I’m a cryer. I cry at weddings and funerals, during the sad parts of good movies or books. In any given situation where it is appropriate to cry, I do. The downside is that I sometimes feel the urge to cry when—at least in my opinion—it is NOT appropriate. The prime example is that I tend to cry when I am furious at something or someone.
It turns out, there’s advice for that.
Yar starts by acknowledging that there are times when people just don’t want to cry—e.g. in public places or at work. As I write, I’ll use “she” and “her” because women are more likely than men to cry. Indeed, 41% of women reported crying at work, compared to 9% for men. So, if you or your character doesn’t want to cry, here’s what Yar recommends.
- Provide a prop, such as a stress ball or scribble pad. Doing something with her hand might distract her.
- Have her pinch the skin between her thumb and pointer finger. Tensing the muscles and doing something may make her feel less helpless. Apparently feeling passive and/or helpless often causes tears.

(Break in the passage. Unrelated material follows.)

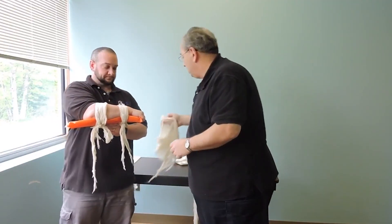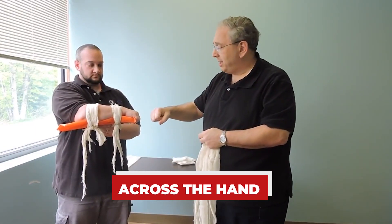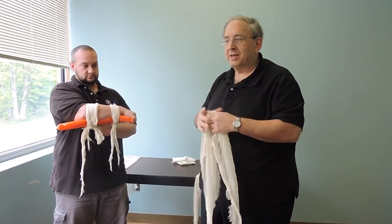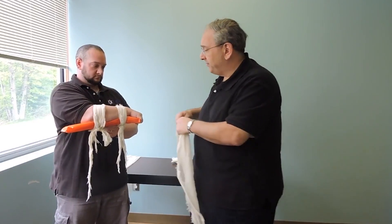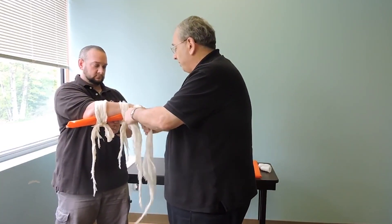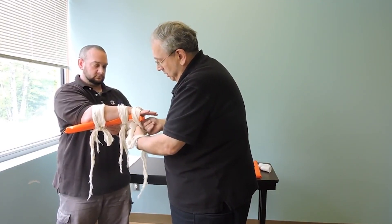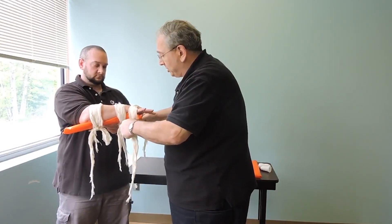I want a third cravat to go across the hand. The reason is I don't want that patient moving his hand, because every time he moves his hand, that broken bone's ends will rub together and start destroying tissue, nerve ends, and blood vessels. I'm going to loop it through — I want to put it through the thumb, not over the thumb. Tie it underneath against the board. I'm using a surgeon's knot; I don't need it super tight, I just need it to be snug.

- Have her take deep, cleansing breaths. It facilitates feeling calm.
- She can pinch the bridge of her nose, near the tear ducts. Indeed, any self-inflicted pain (within limits) can be distracting.
- She can tilt her head back. The tears will literally not overflow for a second or two, providing time to focus on something else.

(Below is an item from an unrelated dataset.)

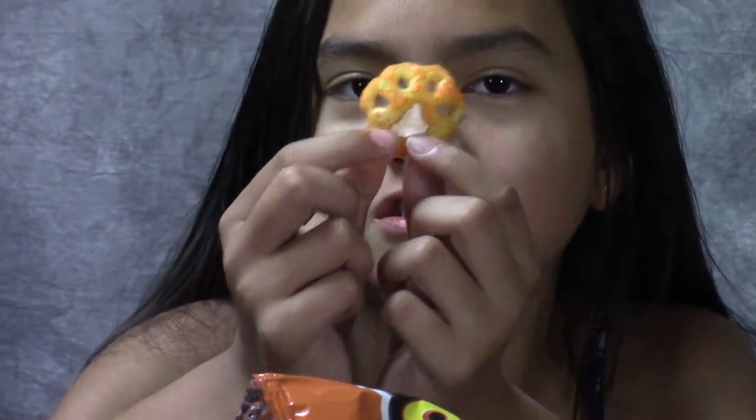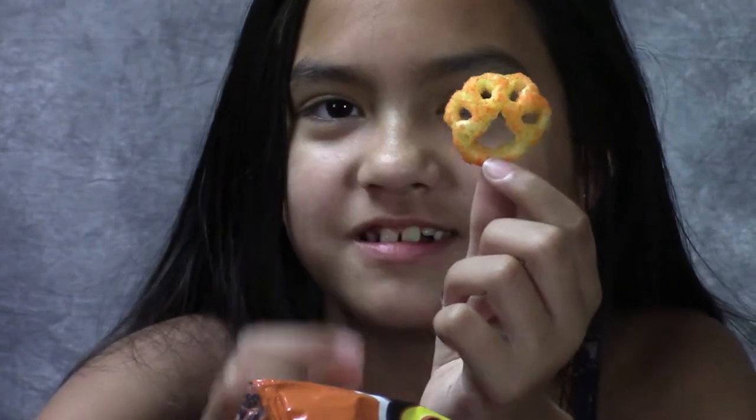So guys, they're just Cheetos shaped like paws. They taste just like regular Cheetos. I thought they're new, but I guess they had them out years ago. So two thumbs up for Cheetos Paws.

- She should literally step back from the situation and maintain a neutral facial expression while considering why she feels like crying.

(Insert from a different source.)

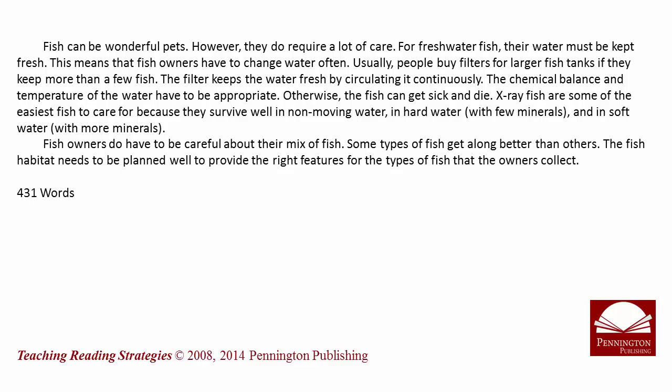The chemical balance and temperature of the water have to be appropriate. Otherwise, the fish can get sick and die. X-Ray Fish are some of the easiest fish to care for, because they survive well in non-moving water, in hard water with few minerals, and in soft water with more minerals.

- She can inform bystanders that she needs a moment to gather her thoughts and has to step away for a bit. She may then cry a bit or get over it, but no one will be watching.
While showing strong emotions is easy when you want to show it, showing efforts to suppress strong emotions is often more difficult. Using the techniques above, your reader will get what’s going on without stating it in the narrative.